Leaving out the images, reproduce every line of the data that follows exactly.

*** Opening Information given ***

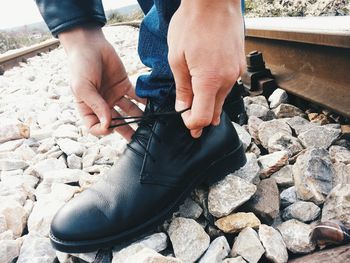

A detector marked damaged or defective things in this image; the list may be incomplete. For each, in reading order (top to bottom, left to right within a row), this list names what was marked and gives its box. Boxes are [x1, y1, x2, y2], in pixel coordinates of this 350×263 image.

rusty metal rail [0, 38, 59, 73]
rusty metal rail [243, 16, 350, 118]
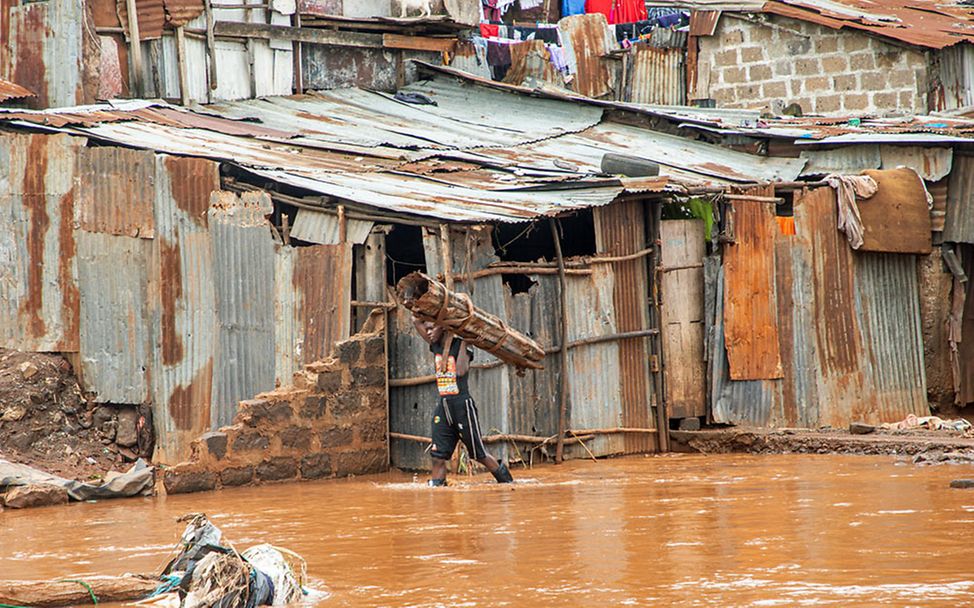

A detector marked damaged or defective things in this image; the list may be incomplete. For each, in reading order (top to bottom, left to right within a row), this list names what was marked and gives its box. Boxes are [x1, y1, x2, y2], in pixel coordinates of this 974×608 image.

broken roofing sheet [0, 72, 808, 223]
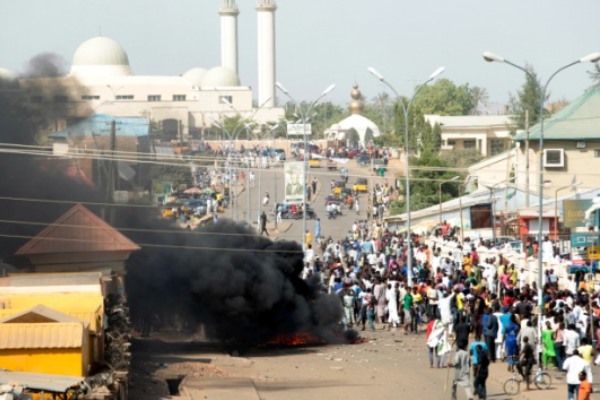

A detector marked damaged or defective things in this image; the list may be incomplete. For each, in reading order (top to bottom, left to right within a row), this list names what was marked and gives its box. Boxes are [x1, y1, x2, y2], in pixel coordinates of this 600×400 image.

rusty metal roof [15, 203, 140, 256]
rusty metal roof [0, 324, 83, 348]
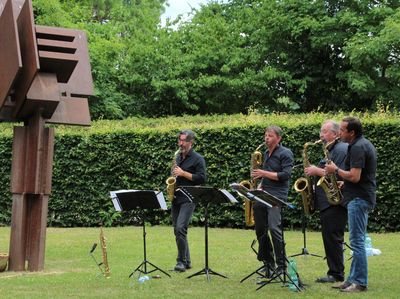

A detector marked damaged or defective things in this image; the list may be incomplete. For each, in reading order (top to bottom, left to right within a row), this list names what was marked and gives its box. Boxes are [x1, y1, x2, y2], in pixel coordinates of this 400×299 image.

rusty metal sculpture [0, 0, 93, 272]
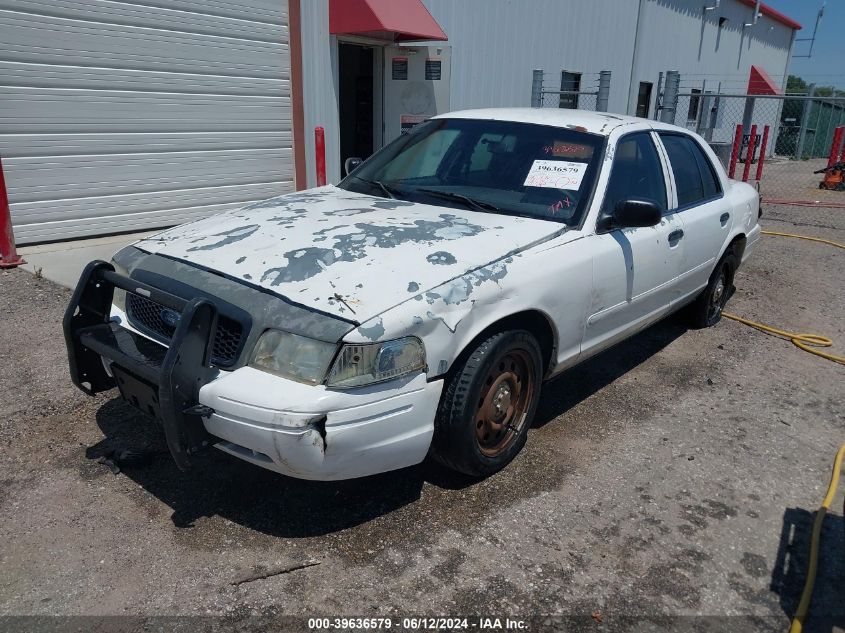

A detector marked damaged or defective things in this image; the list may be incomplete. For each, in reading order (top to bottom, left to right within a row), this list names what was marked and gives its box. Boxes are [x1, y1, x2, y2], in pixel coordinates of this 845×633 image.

cracked paint hood [134, 183, 568, 320]
damaged bumper [66, 260, 442, 478]
rusty wheel [428, 330, 540, 474]
rusty wheel [474, 348, 536, 456]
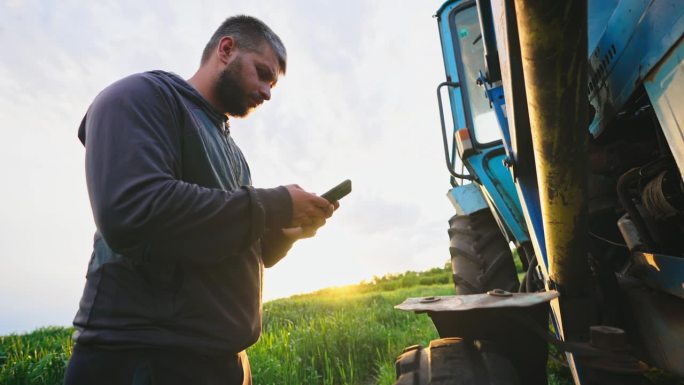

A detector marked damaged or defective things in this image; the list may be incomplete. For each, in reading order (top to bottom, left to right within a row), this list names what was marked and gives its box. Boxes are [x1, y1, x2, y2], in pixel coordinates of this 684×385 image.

rusty metal plate [392, 292, 560, 312]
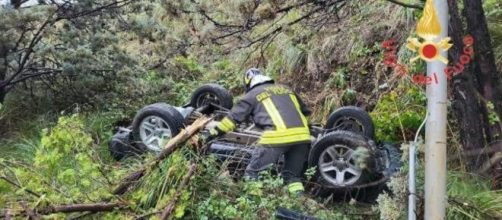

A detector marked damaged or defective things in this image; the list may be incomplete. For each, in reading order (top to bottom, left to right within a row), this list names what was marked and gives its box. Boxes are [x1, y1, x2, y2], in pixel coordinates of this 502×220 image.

overturned car [110, 84, 400, 196]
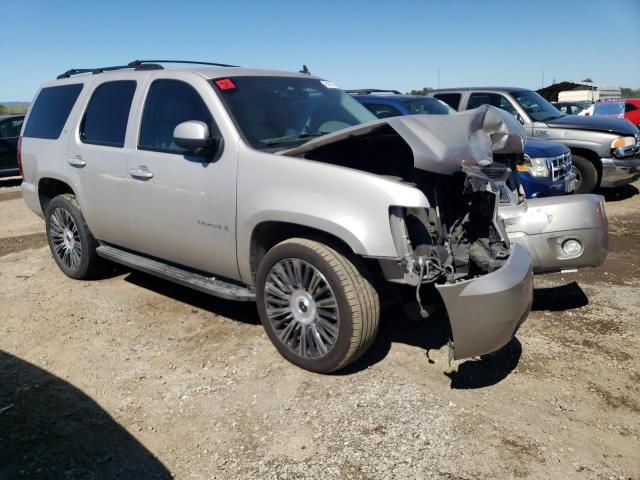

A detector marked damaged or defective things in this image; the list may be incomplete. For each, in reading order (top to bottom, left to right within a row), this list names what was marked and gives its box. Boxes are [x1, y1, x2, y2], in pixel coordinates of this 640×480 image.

crumpled hood [282, 104, 524, 175]
damaged front end [282, 105, 536, 360]
detached front bumper cover [436, 244, 536, 360]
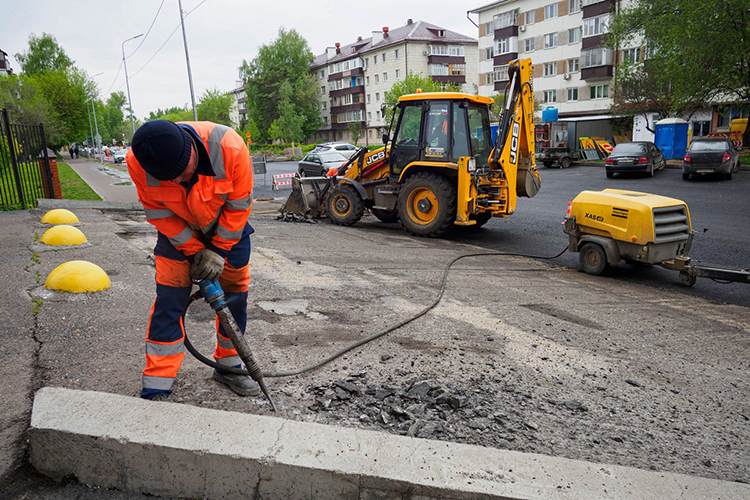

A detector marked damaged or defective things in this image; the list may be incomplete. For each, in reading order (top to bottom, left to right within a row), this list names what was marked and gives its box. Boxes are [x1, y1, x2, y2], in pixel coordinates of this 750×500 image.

cracked asphalt [1, 201, 750, 498]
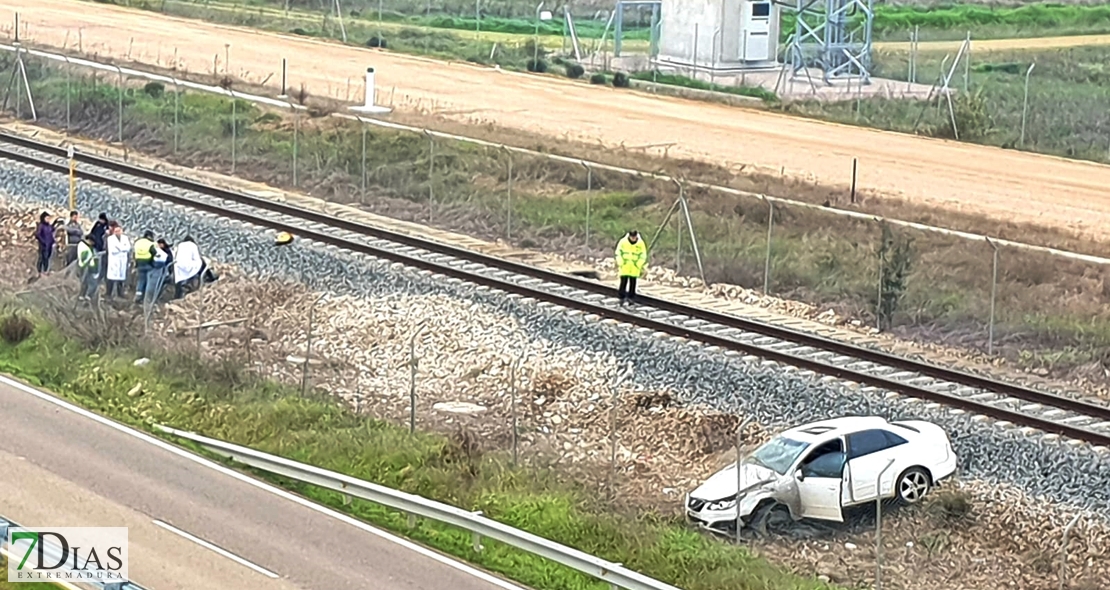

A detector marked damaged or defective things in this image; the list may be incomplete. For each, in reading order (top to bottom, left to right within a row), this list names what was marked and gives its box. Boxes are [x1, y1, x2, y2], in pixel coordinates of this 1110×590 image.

damaged white car [688, 416, 956, 536]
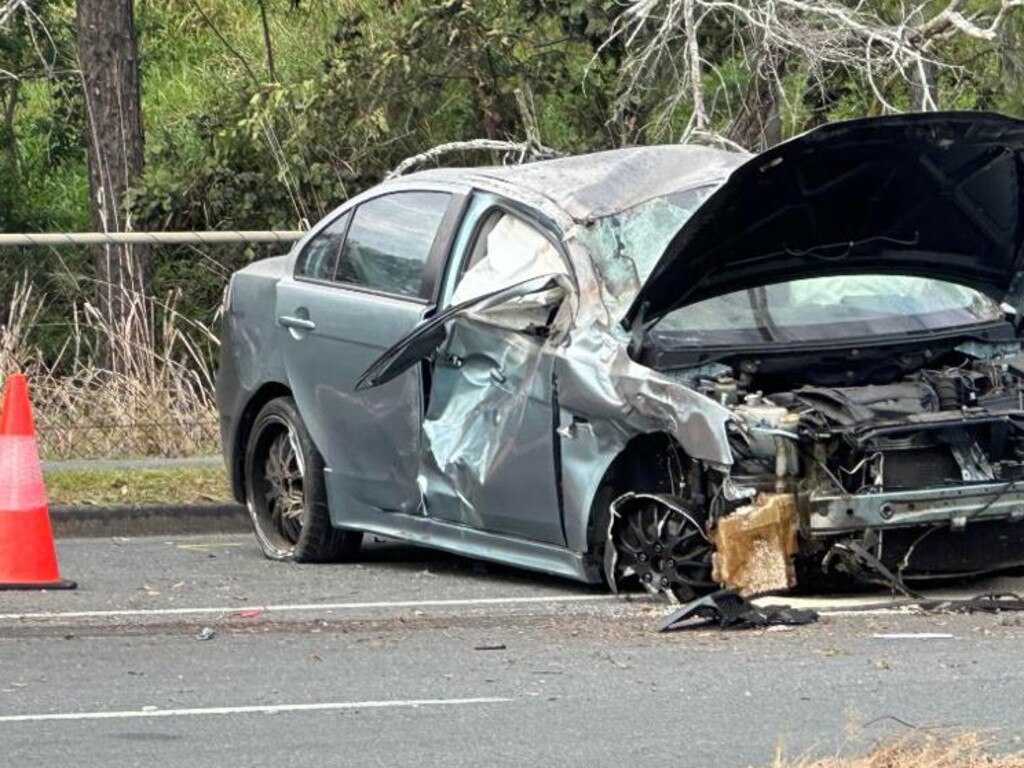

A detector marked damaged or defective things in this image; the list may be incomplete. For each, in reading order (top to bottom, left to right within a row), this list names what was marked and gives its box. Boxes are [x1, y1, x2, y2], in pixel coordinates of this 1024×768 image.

crushed car roof [403, 144, 749, 219]
damaged sedan [216, 111, 1024, 602]
shattered side window [589, 188, 716, 319]
broken windshield [655, 274, 999, 346]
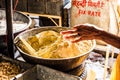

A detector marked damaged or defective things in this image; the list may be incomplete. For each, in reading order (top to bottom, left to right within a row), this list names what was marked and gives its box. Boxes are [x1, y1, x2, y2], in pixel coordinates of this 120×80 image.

rusty metal surface [14, 26, 96, 71]
rusty metal surface [15, 64, 79, 80]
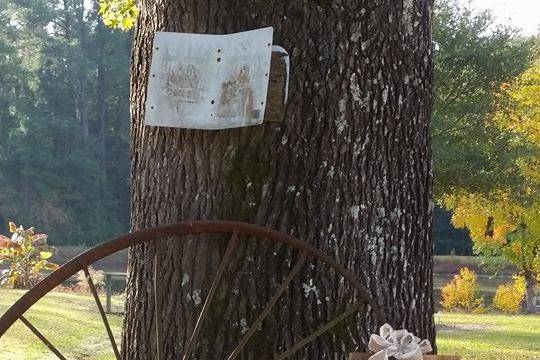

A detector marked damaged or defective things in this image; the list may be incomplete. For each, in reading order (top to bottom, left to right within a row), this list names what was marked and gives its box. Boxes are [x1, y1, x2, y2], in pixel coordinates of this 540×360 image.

rusted metal sign [146, 27, 276, 129]
rusty wagon wheel [1, 221, 388, 358]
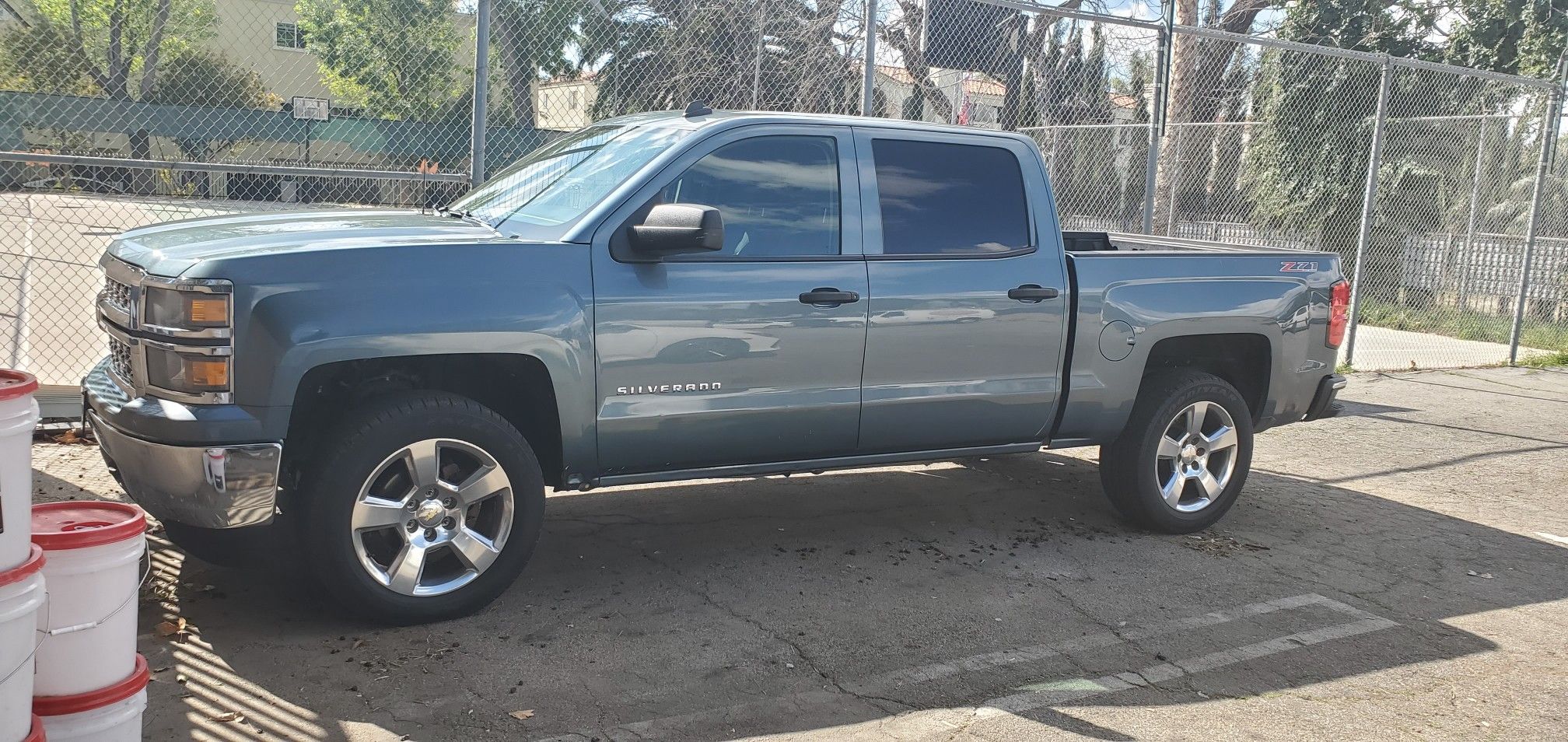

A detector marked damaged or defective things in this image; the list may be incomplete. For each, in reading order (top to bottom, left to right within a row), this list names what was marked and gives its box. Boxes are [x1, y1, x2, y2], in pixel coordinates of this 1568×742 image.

cracked asphalt [30, 365, 1568, 740]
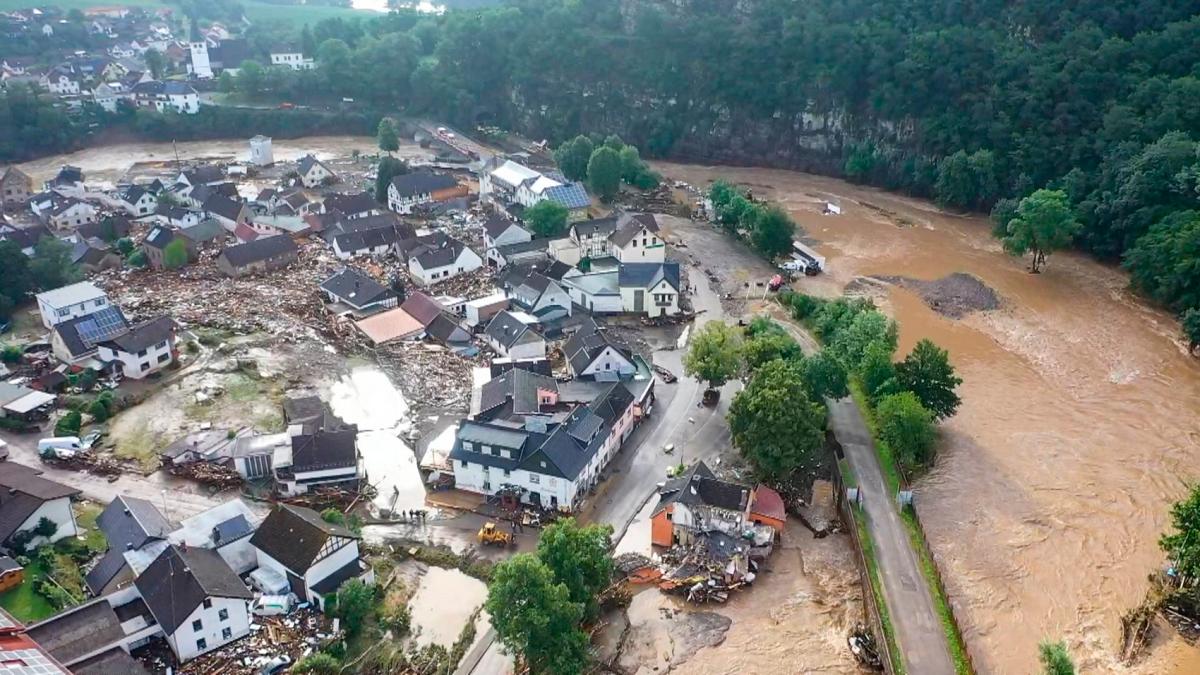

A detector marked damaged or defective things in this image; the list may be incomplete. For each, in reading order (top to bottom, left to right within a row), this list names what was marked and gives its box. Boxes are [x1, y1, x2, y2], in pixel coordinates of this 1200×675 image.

*** Closing Information given ***

# [Output of the exercise]
A detector marked damaged or defective things in this image; the list may be incomplete. For each, in reading order (top to bottom, left to right within a row), this list names what was marked and gives its box. Boxes are [x1, y1, x2, y2], in pixel coordinates of this 350×263 image.

rusty metal rail [0, 38, 59, 73]
rusty metal rail [243, 16, 350, 118]

A detector marked damaged or defective things in this image; the list may be incomplete. For each, in reading order (top to bottom, left to right within a row), this list names what was marked and gives its box. Boxes are [x1, y1, x2, y2], in pixel coordinates of this 974×608 image.

broken roofing sheet [0, 72, 808, 223]

A detector marked damaged or defective things in this image; the list may be incomplete. For each, in reading order (top to bottom, left to right within a row), this list names what was marked and gives its box. Boxes are [x1, y1, x2, y2], in pixel coordinates of this 600×400 image.

rusty metal roof [15, 203, 140, 256]
rusty metal roof [0, 324, 83, 348]

A detector marked damaged or defective things in this image; the list may be incomplete. For each, in reading order (top to bottom, left to right within a row), this list names what was marked and gives its box. Boxes are [x1, y1, x2, y2], in pixel coordinates of this 400×299 image.

rusty metal sculpture [0, 0, 93, 272]

A detector marked damaged or defective things in this image; the list may be incomplete. For each, in reading order (top to bottom, left to right within a row), this list names what was marked and gives its box. Boxes are [x1, y1, x2, y2], in pixel coordinates of this 845×633 image.

cracked paint hood [134, 183, 568, 320]
damaged bumper [66, 260, 442, 478]
rusty wheel [428, 330, 540, 474]
rusty wheel [474, 348, 536, 456]

A detector marked damaged or defective things in this image; the list may be incomplete. For each, in reading order (top to bottom, left to right within a row), this list names what was marked and gives its box. Boxes are [x1, y1, x2, y2], in pixel coordinates of this 684×385 image.

rusty metal plate [392, 292, 560, 312]

A detector marked damaged or defective things in this image; the list may be incomplete. For each, in reading order (top to bottom, left to right within a row), this list names what was marked and gives its box. Boxes are [x1, y1, x2, y2], in pixel coordinates of this 502×220 image.

overturned car [110, 84, 400, 196]

A detector marked damaged or defective things in this image; the list may be incomplete. For each, in reading order (top to bottom, left to right within a row), this list names what was marked and gives its box. Boxes are [x1, y1, x2, y2], in pixel coordinates of this 640×480 image.

crumpled hood [282, 104, 524, 175]
damaged front end [282, 105, 536, 360]
detached front bumper cover [436, 244, 536, 360]

A detector marked damaged or defective things in this image; the list may be incomplete. For each, in reading order (top to bottom, left to right within a row), this list names what was marked and gives its box. Boxes are [x1, y1, x2, y2], in pixel coordinates of this 750×500 image.

cracked asphalt [1, 201, 750, 498]

A detector marked damaged or defective things in this image; the list may be incomplete. For each, in reading order (top to bottom, left to right within a row), this list names what was marked and gives its box. Boxes are [x1, y1, x2, y2], in pixel coordinates of this 1110×590 image.

damaged white car [688, 416, 956, 536]

A detector marked damaged or defective things in this image; the list may be incomplete. For each, in reading order (top to bottom, left to right within a row), this list names what was marked and gives its box. Boxes are [x1, y1, x2, y2], in pixel coordinates of this 1024×768 image.

crushed car roof [403, 144, 749, 219]
damaged sedan [216, 111, 1024, 602]
shattered side window [589, 188, 716, 319]
broken windshield [655, 274, 999, 346]

A detector marked damaged or defective things in this image; the list may be incomplete. For each, in reading order (top to bottom, left to right within a row), this list names what was marked and gives its box. Boxes are [x1, y1, x2, y2], in pixel coordinates of this 120×80 image.

rusty metal surface [14, 26, 96, 71]
rusty metal surface [15, 64, 79, 80]

A detector marked damaged or defective things in this image; the list may be incomplete. For each, in reading order (top to bottom, left to right within a row), this list names what was marked and gives its box. Boxes are [x1, y1, x2, y2], in pixel coordinates of this 540×360 image.

rusted metal sign [146, 27, 276, 129]
rusty wagon wheel [1, 221, 388, 358]

A detector marked damaged or defective things in this image; the list may be incomplete. For each, in reading order (top to bottom, left to right within a row), this list names what was marked and gives its box. Boxes are [x1, y1, x2, y2], in pixel coordinates of this 1568×742 image.

cracked asphalt [30, 365, 1568, 740]

A detector marked damaged or defective things in this image; the list may be incomplete. For each, in reading order (top to bottom, left to right within a row), this list names what was marked and gives its box. Boxes are [x1, y1, x2, y2], in pixel coordinates of this 1200×675 image.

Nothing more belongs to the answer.